After a weak start to the first quarter, U.S. economic data has begun to show some signs of improvement. On the positive side are steady gains in the labor market, better retail sales and increasing credit creation. On the softer side, the housing market has been disappointing and awaits an upturn in household formations. European growth data was solid in the first quarter, led by strength in Germany and the United Kingdom. Japan’s economy has benefitted from consumption ahead of the Value-Added Tax (VAT) hike, leading to a likely contraction in the second quarter. China’s weak first-quarter growth (freight-rail traffic fell year over year) has loosened Beijing’s purse strings. While this will stabilize short-term growth, it’s at the expense of the country’s longer-term goal to rebalance the economy toward more stable consumption.

Central bankers are trying to get their sea legs in this new environment, where the efficacy of prior programs is unclear and markets are uncertain about supports going forward. The Federal Reserve has taken its usual lead, but this time it’s been in confusing the markets about the outlook for monetary policy normalization. We think the Fed will keep monetary policy accommodative as long as the data allow.
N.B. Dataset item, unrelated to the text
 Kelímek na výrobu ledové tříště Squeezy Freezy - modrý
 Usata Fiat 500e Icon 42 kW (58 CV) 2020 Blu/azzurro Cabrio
The European Central Bank (ECB) has been all talk, no action, as investors worry about disinflationary trends. The Bank of Japan (BoJ) has also kept policy steady at a time when investors are concerned about the economy’s ability to withstand the 3% jump in the VAT. It’s our expectation that dormant inflation across the developed markets will continue to give central bankers plenty of leeway.
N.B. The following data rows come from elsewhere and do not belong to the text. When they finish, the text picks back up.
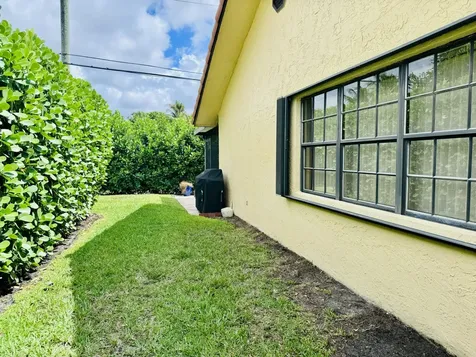 5157 Magellan Way E Delray Beach FL 33484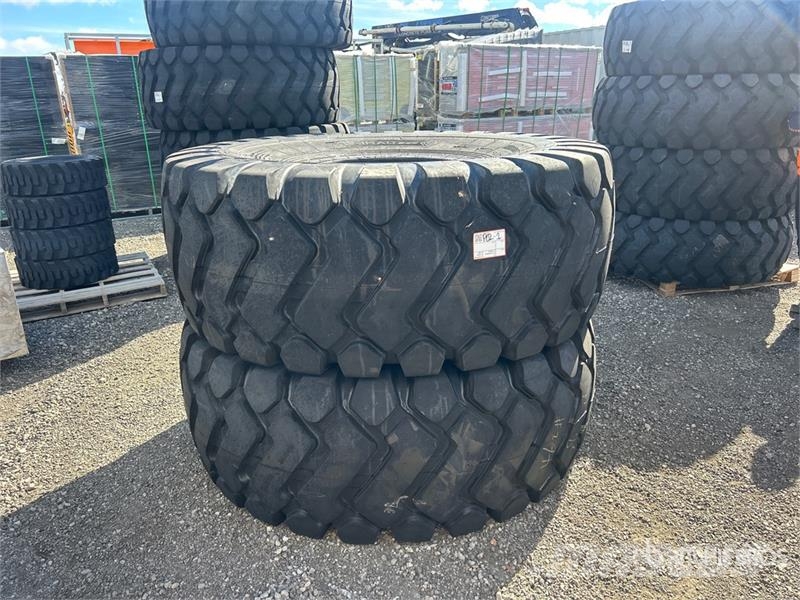 Quantity of (2) TaiHao 29.5x25 E3/L3 Heavy Duty Ti Gume, točkovi i felne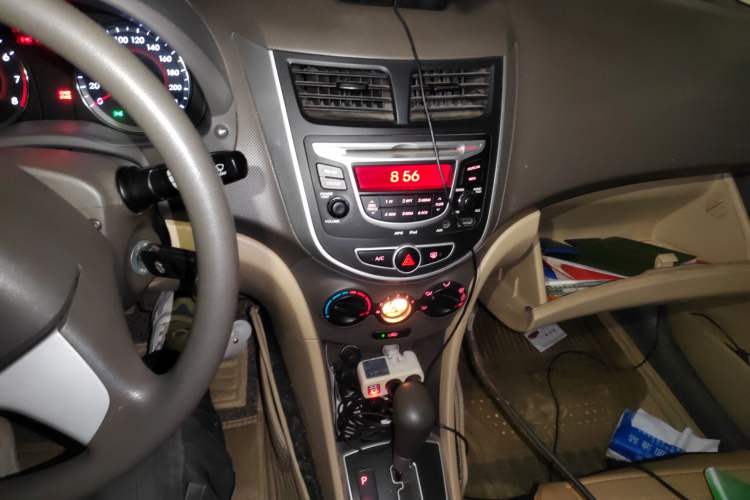 Used Hyundai Verna (older generation) 2010 Sedan 1.4L Automatic Fashionable GT Model Audio And AC Panel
  • Rotation from growth to value has been extraordinary during the last month.
  • Broadening growth potential reduces the growth premium.

After impressive outperformance since last summer, growth stocks have taken it on the chin during the past month. Even though much of the underperformance can be attributed to high-flying biotech and Internet/software stocks, the shift toward value is notable nonetheless. Cracks in leadership stocks may appear negative on the surface, but the changing sentiment toward value could reflect expectations of better economic and, therefore, earnings growth. When growth is scarce, investors are willing to pay up for growth stocks. As expectations for growth improve, the relative growth potential of growth stocks generates less premium. We continue to expect relatively subdued equity returns this year, but view the recent shift toward value as a potentially positive sign for continued equity gains.


  • Economic growth is improving in more-fiscally stable countries.
  • Tensions in Ukraine continue to persist.

The situation in Ukraine continues to dominate public thought in Europe. A recent International Monetary Fund (IMF) report told a cautious story about its short-term outlook for certain European economies. It was noted that while the United Kingdom and Germany are adding economic momentum, other nations are stumbling, and Russia’s takeover of Crimea last month injects geopolitical tension that’s “casting a pall” on the region. The IMF also urged emerging markets to prepare for a flow of capital back into advanced economies and advised the ECB that more monetary easing is needed to keep deflation at bay. In Ukraine, the standoff continues, with all parties cautious and the West focused on diplomacy and sanctions. Equity markets appear ready to weather the Ukrainian situation, but a significant deterioration in relations with Russia remains a real risk to European equities.


  • India, the world’s largest democracy, goes to the polls.
  • Investors are betting on Chinese stimulus.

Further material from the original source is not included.